2
votes

I'm trying to load JSON data to BigQuery. The excerpt of my data causing problems looks like that:

{"page":"295"}
{"page":["295", "123"]}

I have defined schema for this field to be:

{
  "name": "page",
  "type": "string",
  "mode": "repeated"
}

I'm getting an error of "Repeated field must be imported as a JSON array." I think the problem is caused by the structure of the JSON itself. The string in the first row should be 1 element array instead of just a string. The data was delivered to me like this. I am trying to find a way to force BigQuery to read this string as a one element array instead of fixing the file (which is hundred gigabytes). Is there any solution?

1

1 Answers

1
votes

One option is to use BigQuery to transform the data itself.
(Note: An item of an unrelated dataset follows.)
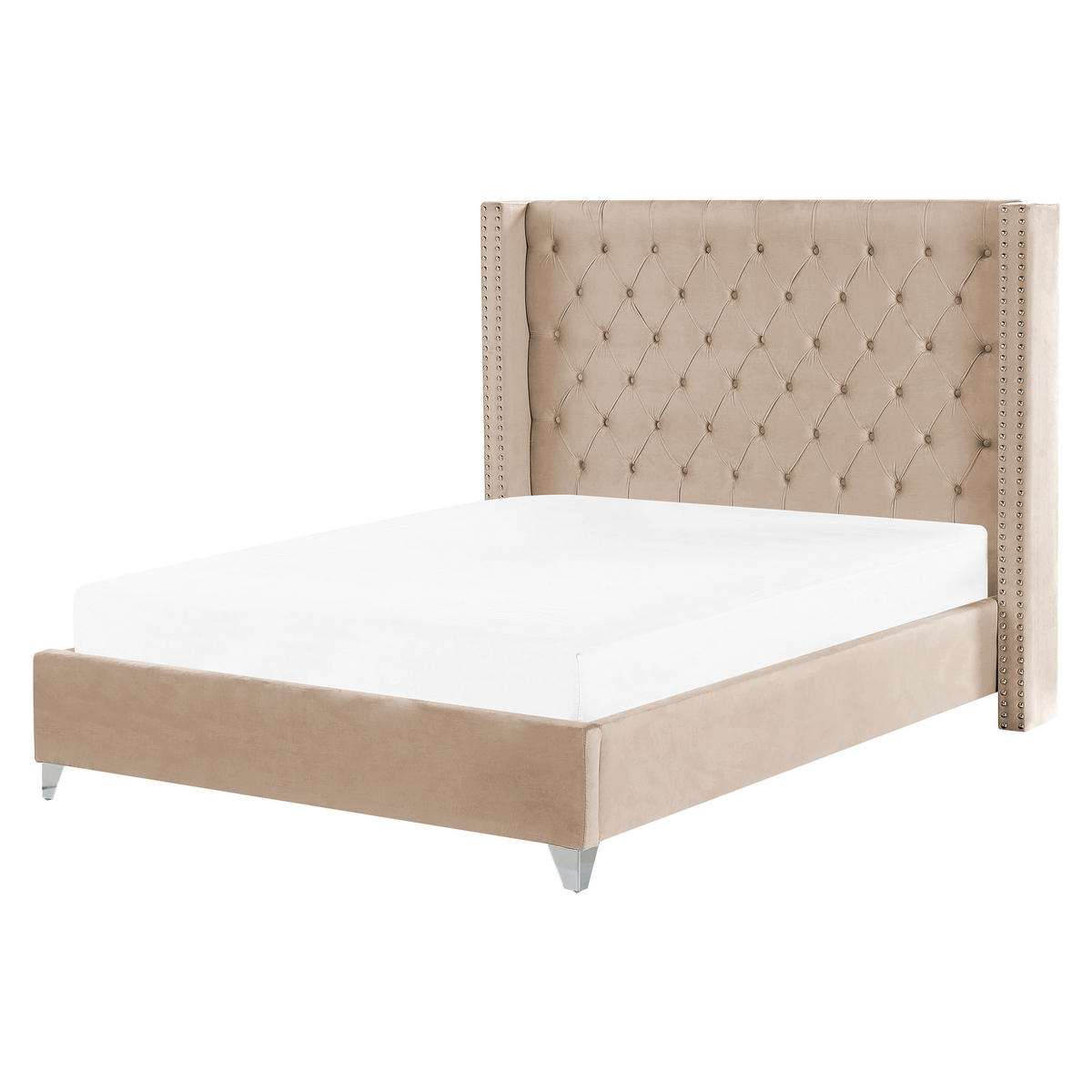 POLSTERBETT 160/200cm Beige Lubbon - Beige, Textil (160/200cm) - Beliani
Supposing that you are able to import the rows as CSV instead (pick an arbitrary separator that doesn't appear in your data) you can use the JSON_EXTRACT function to retrieve the value(s) of page across rows. For example,

#standardSQL
SELECT JSON_EXTRACT(json, '$.page') AS page
FROM UnprocessedTable;

You can use the SPLIT function or REGEXP_EXTRACT_ALL to retrieve the individual values afterward.

Edit: As a concrete example, you can try this query:

#standardSQL
WITH T AS (
  SELECT '{"page": "foo"}' AS json UNION ALL
  SELECT '{"page": ["bar", "baz"]}' AS json UNION ALL
  SELECT '{"page": ["a", "b", "c"]}' AS json
)
SELECT
  REGEXP_EXTRACT_ALL(JSON_EXTRACT(json, '$.page'), r'"([^"]*)"') AS pages
FROM T;

This returns the JSON arrays (or scalar strings) as an ARRAY<STRING> column.